[INFORMATION PROVIDED — start]

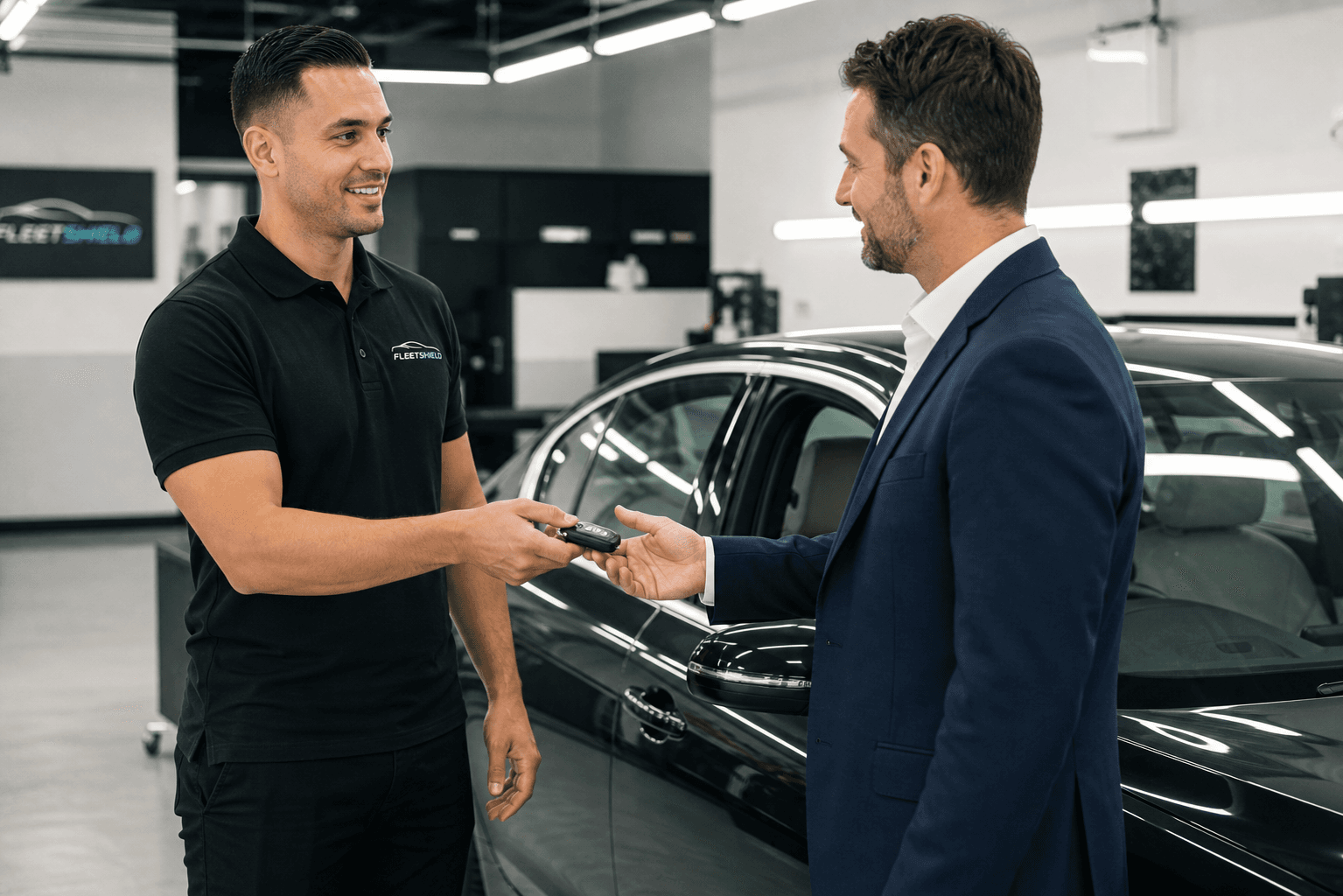 Trusted by Premium Dealerships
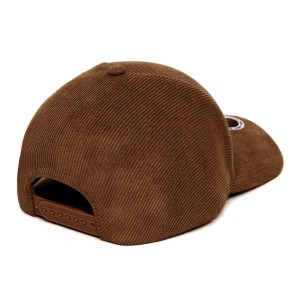 CUSTOM INIVI COOPER CORDUROY 2 PANEL CAP BACK
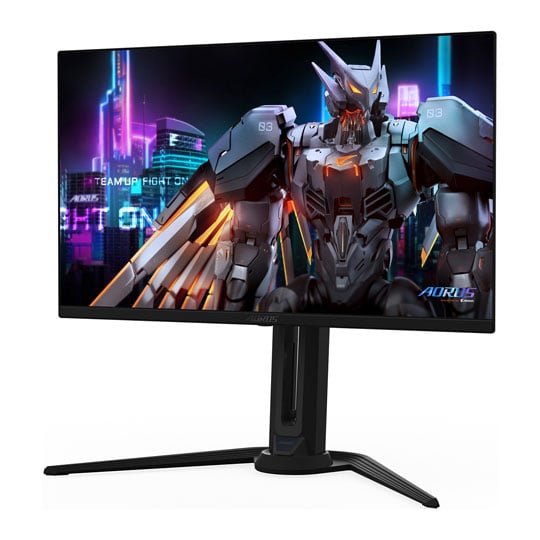 Refurbished Gigabyte AORUS 27" FO27Q3 2K 360Hz QD-OLED Monitor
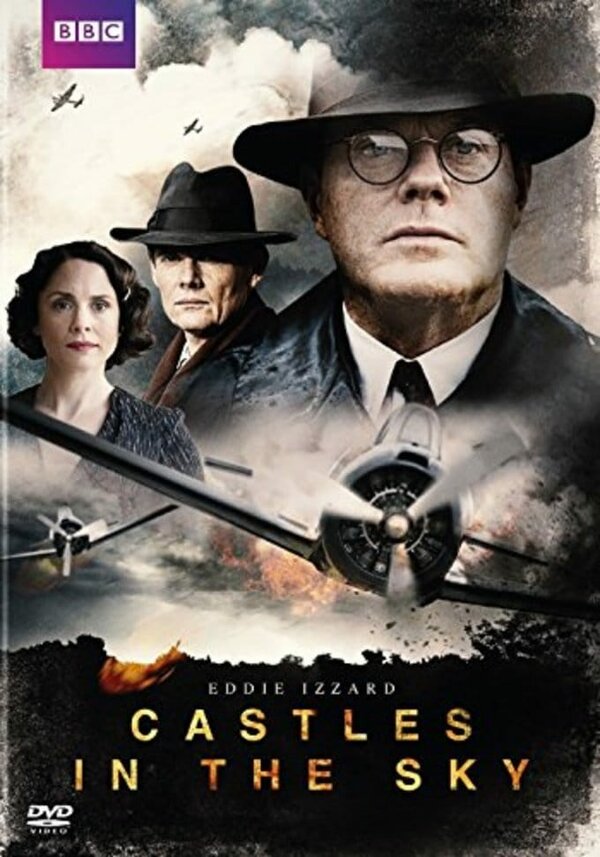 Постер Castles in the Sky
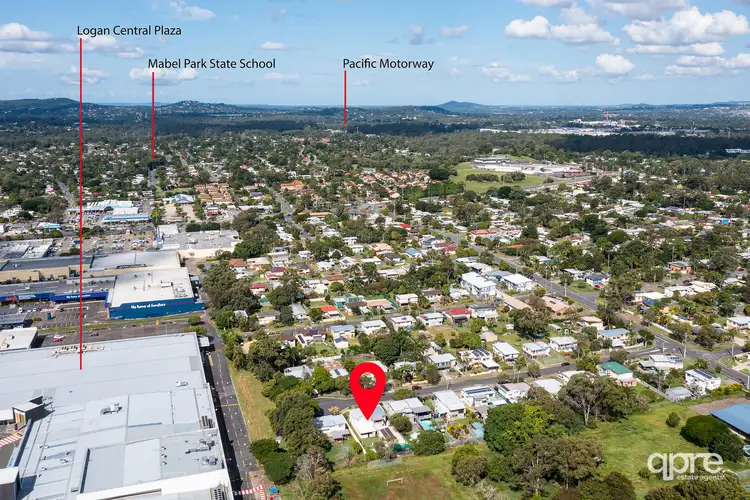 Second view of Homely house listing, 18 Clara Street, Logan Central QLD 4114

[INFORMATION PROVIDED — finish]

■ DIRECTIONS: Return each record above as it stands. Pictures stay out.

■ SOLUTION:
 Trusted by Premium Dealerships
 CUSTOM INIVI COOPER CORDUROY 2 PANEL CAP BACK
 Refurbished Gigabyte AORUS 27" FO27Q3 2K 360Hz QD-OLED Monitor
 Постер Castles in the Sky
 Second view of Homely house listing, 18 Clara Street, Logan Central QLD 4114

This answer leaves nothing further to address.